Eigendecomposition of sum of rank 1 matrices

Question

Suppose I have a rank 2 $n$-by-$n$ matrix $$ C = x x^T + yy^T $$ where $x,y \in \mathbb{R}^n$. Are the eigenvalues/eigenvectors of $C$ related in any way to the eigenvalues of $xx^T$ and $yy^T$?

Answer 1

1. Eigenvalues

Let $\lambda_1$ and $\lambda_2$ be the non-zero eigenvalues of $C$. Since $$ \operatorname{tr}(C) = \lambda_1 + \lambda_2 = \|x\|^2 + \|y\|^2 $$ and $$ \operatorname{tr}(C^2) = \lambda_1^2 + \lambda_2^2 =\|x\|^4 + \|y\|^4 + 2 (x^T y)^2, $$ by the quadratic formula, we have for $i=1,2$, $$ \lambda_i = \frac{\|x\|^2+\|y\|^2}{2} \pm \frac{1}{2}\sqrt{(\|x\|^2-\|y\|^2)^2+4(x^T y)^2}, $$ where $\lambda_1$ and $\lambda_2$ correspond to $+$ and $-$.

2. Eigenvectors

Suppose that we have eigenvectors of a form as follows: $$ v_i = \alpha_i x + \beta_i y, $$ where $\alpha$ and $\beta$ are scalars.
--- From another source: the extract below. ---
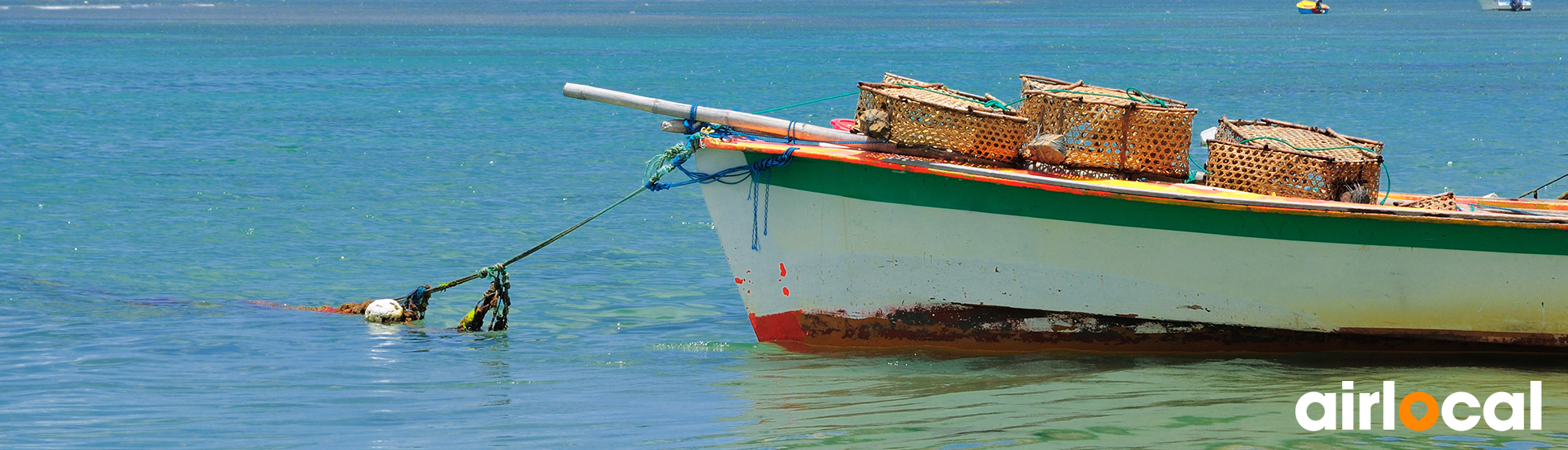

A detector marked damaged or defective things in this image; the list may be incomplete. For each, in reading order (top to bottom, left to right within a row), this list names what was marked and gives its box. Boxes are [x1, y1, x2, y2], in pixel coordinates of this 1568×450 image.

rust stain on hull [768, 305, 1568, 354]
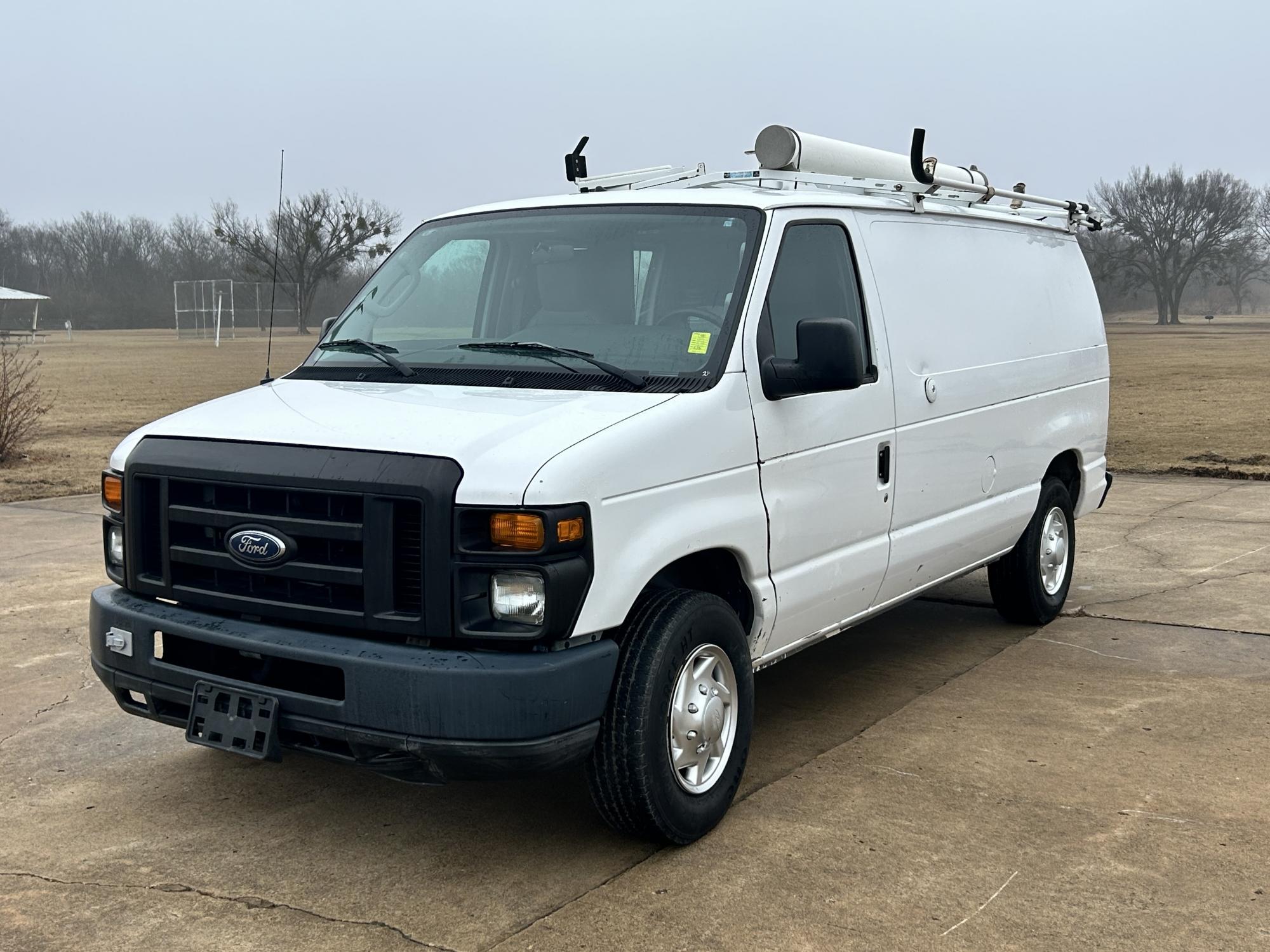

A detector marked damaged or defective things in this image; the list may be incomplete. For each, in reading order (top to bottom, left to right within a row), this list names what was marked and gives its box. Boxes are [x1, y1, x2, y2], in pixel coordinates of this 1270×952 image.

Then by the definition of eigenvector, $$ C v_i = \lambda_i v_i $$ which is $$ (xx^T+yy^T)(\alpha_i x + \beta_i y) = \lambda_i(\alpha_i x + \beta_i y). $$ Rearranging terms, $$ LHS = \left(\alpha_i\|x\|^2 + \beta_i (x^Ty)\right) x + \left( \beta_i \|y\|^2 + \alpha_i (x^T y)\right) y, \\ RHS = \alpha_i \lambda_i x + \beta_i \lambda_i y, $$ and $$ \alpha_i\|x\|^2 + \beta_i (x^Ty)=\alpha_i \lambda_i, \\ \beta_i \|y\|^2 + \alpha_i (x^T y)=\beta_i \lambda_i, $$ since the coefficient in front of each $x$ and $y$ should be the same. Therefore the ratio of $\alpha_i$ and $\beta_i$ is $$ \alpha_i:\beta_i=x^Ty:(\lambda_i-\|x\|^2) \\ \text{(or $\alpha_i:\beta_i=(\lambda_i-\|y\|^2):x^Ty$ gives the same result)}, $$ and the eigenvectors are $$ v_i=\mathcal{N}_i \left((x^Ty) x + (\lambda_i-\|x\|^2) y \right), $$ where $\mathcal{N}_i$ is the normalization constant to make $\|v_i\|^2=1$.